- _About this task_: Copy each entry as written.

─── Available data

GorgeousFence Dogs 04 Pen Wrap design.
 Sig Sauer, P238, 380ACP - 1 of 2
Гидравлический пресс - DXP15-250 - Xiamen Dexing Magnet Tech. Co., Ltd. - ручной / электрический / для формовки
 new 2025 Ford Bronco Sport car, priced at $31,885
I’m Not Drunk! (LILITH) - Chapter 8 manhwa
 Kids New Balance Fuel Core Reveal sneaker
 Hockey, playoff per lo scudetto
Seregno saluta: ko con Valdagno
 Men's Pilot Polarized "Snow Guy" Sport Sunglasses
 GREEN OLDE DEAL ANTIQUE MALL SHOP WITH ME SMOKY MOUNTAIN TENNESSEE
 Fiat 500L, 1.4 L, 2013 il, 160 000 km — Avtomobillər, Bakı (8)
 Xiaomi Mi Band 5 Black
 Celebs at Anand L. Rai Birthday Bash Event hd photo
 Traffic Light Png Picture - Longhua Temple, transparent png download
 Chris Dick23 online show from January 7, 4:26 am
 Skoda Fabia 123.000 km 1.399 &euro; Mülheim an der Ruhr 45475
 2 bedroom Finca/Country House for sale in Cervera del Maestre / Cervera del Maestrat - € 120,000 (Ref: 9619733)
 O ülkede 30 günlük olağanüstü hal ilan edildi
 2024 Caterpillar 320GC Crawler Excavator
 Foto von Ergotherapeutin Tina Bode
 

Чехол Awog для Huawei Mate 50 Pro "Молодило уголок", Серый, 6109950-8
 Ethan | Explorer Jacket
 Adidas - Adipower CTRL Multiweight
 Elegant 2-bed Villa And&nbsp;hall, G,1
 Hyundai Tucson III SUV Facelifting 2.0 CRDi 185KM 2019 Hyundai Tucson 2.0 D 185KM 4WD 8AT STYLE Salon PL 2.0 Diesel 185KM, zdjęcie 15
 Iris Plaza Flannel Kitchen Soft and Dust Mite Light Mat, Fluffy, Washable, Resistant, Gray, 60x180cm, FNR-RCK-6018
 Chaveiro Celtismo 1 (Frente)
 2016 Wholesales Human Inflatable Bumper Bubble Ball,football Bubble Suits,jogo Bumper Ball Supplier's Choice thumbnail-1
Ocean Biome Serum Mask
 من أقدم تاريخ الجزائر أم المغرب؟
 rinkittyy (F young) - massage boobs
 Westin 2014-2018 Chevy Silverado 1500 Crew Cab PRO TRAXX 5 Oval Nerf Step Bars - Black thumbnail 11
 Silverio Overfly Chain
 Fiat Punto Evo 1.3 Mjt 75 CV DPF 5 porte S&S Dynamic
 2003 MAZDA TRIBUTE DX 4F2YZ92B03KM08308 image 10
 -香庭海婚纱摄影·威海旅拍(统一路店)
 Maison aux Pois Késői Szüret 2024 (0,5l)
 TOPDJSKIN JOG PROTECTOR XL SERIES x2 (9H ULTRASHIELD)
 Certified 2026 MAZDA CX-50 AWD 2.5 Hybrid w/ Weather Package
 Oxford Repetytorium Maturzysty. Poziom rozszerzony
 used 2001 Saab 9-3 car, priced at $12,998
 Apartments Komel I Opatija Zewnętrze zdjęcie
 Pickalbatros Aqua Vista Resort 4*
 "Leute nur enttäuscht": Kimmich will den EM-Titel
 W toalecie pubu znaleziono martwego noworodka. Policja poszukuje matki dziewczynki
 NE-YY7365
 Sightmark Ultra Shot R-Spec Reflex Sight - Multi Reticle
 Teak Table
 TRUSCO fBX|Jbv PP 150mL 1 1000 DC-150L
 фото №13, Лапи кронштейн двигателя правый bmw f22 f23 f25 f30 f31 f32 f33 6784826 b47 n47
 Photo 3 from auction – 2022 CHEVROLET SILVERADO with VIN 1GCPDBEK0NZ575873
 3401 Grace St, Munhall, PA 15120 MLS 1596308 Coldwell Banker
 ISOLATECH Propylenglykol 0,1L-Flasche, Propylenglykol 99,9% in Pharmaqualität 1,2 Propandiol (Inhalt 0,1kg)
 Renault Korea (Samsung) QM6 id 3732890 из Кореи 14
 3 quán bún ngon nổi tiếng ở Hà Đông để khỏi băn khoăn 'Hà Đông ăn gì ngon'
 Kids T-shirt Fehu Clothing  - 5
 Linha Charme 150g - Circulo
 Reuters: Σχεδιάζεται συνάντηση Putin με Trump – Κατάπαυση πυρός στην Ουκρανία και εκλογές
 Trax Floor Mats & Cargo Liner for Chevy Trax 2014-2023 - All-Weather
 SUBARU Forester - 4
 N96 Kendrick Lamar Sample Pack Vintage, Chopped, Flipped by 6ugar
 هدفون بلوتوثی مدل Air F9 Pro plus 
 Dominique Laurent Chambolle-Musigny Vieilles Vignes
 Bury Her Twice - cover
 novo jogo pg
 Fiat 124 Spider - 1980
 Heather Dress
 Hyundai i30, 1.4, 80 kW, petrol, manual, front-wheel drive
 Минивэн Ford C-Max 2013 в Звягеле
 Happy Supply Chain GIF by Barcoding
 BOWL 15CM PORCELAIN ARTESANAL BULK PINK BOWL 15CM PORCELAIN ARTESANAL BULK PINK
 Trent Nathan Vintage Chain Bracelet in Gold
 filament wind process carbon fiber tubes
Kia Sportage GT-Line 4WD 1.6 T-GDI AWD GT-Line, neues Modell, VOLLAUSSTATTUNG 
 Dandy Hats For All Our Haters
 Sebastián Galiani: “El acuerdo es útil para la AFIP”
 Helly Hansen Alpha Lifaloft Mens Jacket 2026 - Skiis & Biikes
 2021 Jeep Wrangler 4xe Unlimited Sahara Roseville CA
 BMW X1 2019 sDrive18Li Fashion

──────

- _Response area_:
GorgeousFence Dogs 04 Pen Wrap design.
 Sig Sauer, P238, 380ACP - 1 of 2
Гидравлический пресс - DXP15-250 - Xiamen Dexing Magnet Tech. Co., Ltd. - ручной / электрический / для формовки
 new 2025 Ford Bronco Sport car, priced at $31,885
I’m Not Drunk! (LILITH) - Chapter 8 manhwa
 Kids New Balance Fuel Core Reveal sneaker
 Hockey, playoff per lo scudetto
Seregno saluta: ko con Valdagno
 Men's Pilot Polarized "Snow Guy" Sport Sunglasses
 GREEN OLDE DEAL ANTIQUE MALL SHOP WITH ME SMOKY MOUNTAIN TENNESSEE
 Fiat 500L, 1.4 L, 2013 il, 160 000 km — Avtomobillər, Bakı (8)
 Xiaomi Mi Band 5 Black
 Celebs at Anand L. Rai Birthday Bash Event hd photo
 Traffic Light Png Picture - Longhua Temple, transparent png download
 Chris Dick23 online show from January 7, 4:26 am
 Skoda Fabia 123.000 km 1.399 &euro; Mülheim an der Ruhr 45475
 2 bedroom Finca/Country House for sale in Cervera del Maestre / Cervera del Maestrat - € 120,000 (Ref: 9619733)
 O ülkede 30 günlük olağanüstü hal ilan edildi
 2024 Caterpillar 320GC Crawler Excavator
 Foto von Ergotherapeutin Tina Bode
 

Чехол Awog для Huawei Mate 50 Pro "Молодило уголок", Серый, 6109950-8
 Ethan | Explorer Jacket
 Adidas - Adipower CTRL Multiweight
 Elegant 2-bed Villa And&nbsp;hall, G,1
 Hyundai Tucson III SUV Facelifting 2.0 CRDi 185KM 2019 Hyundai Tucson 2.0 D 185KM 4WD 8AT STYLE Salon PL 2.0 Diesel 185KM, zdjęcie 15
 Iris Plaza Flannel Kitchen Soft and Dust Mite Light Mat, Fluffy, Washable, Resistant, Gray, 60x180cm, FNR-RCK-6018
 Chaveiro Celtismo 1 (Frente)
 2016 Wholesales Human Inflatable Bumper Bubble Ball,football Bubble Suits,jogo Bumper Ball Supplier's Choice thumbnail-1
Ocean Biome Serum Mask
 من أقدم تاريخ الجزائر أم المغرب؟
 rinkittyy (F young) - massage boobs
 Westin 2014-2018 Chevy Silverado 1500 Crew Cab PRO TRAXX 5 Oval Nerf Step Bars - Black thumbnail 11
 Silverio Overfly Chain
 Fiat Punto Evo 1.3 Mjt 75 CV DPF 5 porte S&S Dynamic
 2003 MAZDA TRIBUTE DX 4F2YZ92B03KM08308 image 10
 -香庭海婚纱摄影·威海旅拍(统一路店)
 Maison aux Pois Késői Szüret 2024 (0,5l)
 TOPDJSKIN JOG PROTECTOR XL SERIES x2 (9H ULTRASHIELD)
 Certified 2026 MAZDA CX-50 AWD 2.5 Hybrid w/ Weather Package
 Oxford Repetytorium Maturzysty. Poziom rozszerzony
 used 2001 Saab 9-3 car, priced at $12,998
 Apartments Komel I Opatija Zewnętrze zdjęcie
 Pickalbatros Aqua Vista Resort 4*
 "Leute nur enttäuscht": Kimmich will den EM-Titel
 W toalecie pubu znaleziono martwego noworodka. Policja poszukuje matki dziewczynki
 NE-YY7365
 Sightmark Ultra Shot R-Spec Reflex Sight - Multi Reticle
 Teak Table
 TRUSCO fBX|Jbv PP 150mL 1 1000 DC-150L
 фото №13, Лапи кронштейн двигателя правый bmw f22 f23 f25 f30 f31 f32 f33 6784826 b47 n47
 Photo 3 from auction – 2022 CHEVROLET SILVERADO with VIN 1GCPDBEK0NZ575873
 3401 Grace St, Munhall, PA 15120 MLS 1596308 Coldwell Banker
 ISOLATECH Propylenglykol 0,1L-Flasche, Propylenglykol 99,9% in Pharmaqualität 1,2 Propandiol (Inhalt 0,1kg)
 Renault Korea (Samsung) QM6 id 3732890 из Кореи 14
 3 quán bún ngon nổi tiếng ở Hà Đông để khỏi băn khoăn 'Hà Đông ăn gì ngon'
 Kids T-shirt Fehu Clothing  - 5
 Linha Charme 150g - Circulo
 Reuters: Σχεδιάζεται συνάντηση Putin με Trump – Κατάπαυση πυρός στην Ουκρανία και εκλογές
 Trax Floor Mats & Cargo Liner for Chevy Trax 2014-2023 - All-Weather
 SUBARU Forester - 4
 N96 Kendrick Lamar Sample Pack Vintage, Chopped, Flipped by 6ugar
 هدفون بلوتوثی مدل Air F9 Pro plus 
 Dominique Laurent Chambolle-Musigny Vieilles Vignes
 Bury Her Twice - cover
 novo jogo pg
 Fiat 124 Spider - 1980
 Heather Dress
 Hyundai i30, 1.4, 80 kW, petrol, manual, front-wheel drive
 Минивэн Ford C-Max 2013 в Звягеле
 Happy Supply Chain GIF by Barcoding
 BOWL 15CM PORCELAIN ARTESANAL BULK PINK BOWL 15CM PORCELAIN ARTESANAL BULK PINK
 Trent Nathan Vintage Chain Bracelet in Gold
 filament wind process carbon fiber tubes
Kia Sportage GT-Line 4WD 1.6 T-GDI AWD GT-Line, neues Modell, VOLLAUSSTATTUNG 
 Dandy Hats For All Our Haters
 Sebastián Galiani: “El acuerdo es útil para la AFIP”
 Helly Hansen Alpha Lifaloft Mens Jacket 2026 - Skiis & Biikes
 2021 Jeep Wrangler 4xe Unlimited Sahara Roseville CA
 BMW X1 2019 sDrive18Li Fashion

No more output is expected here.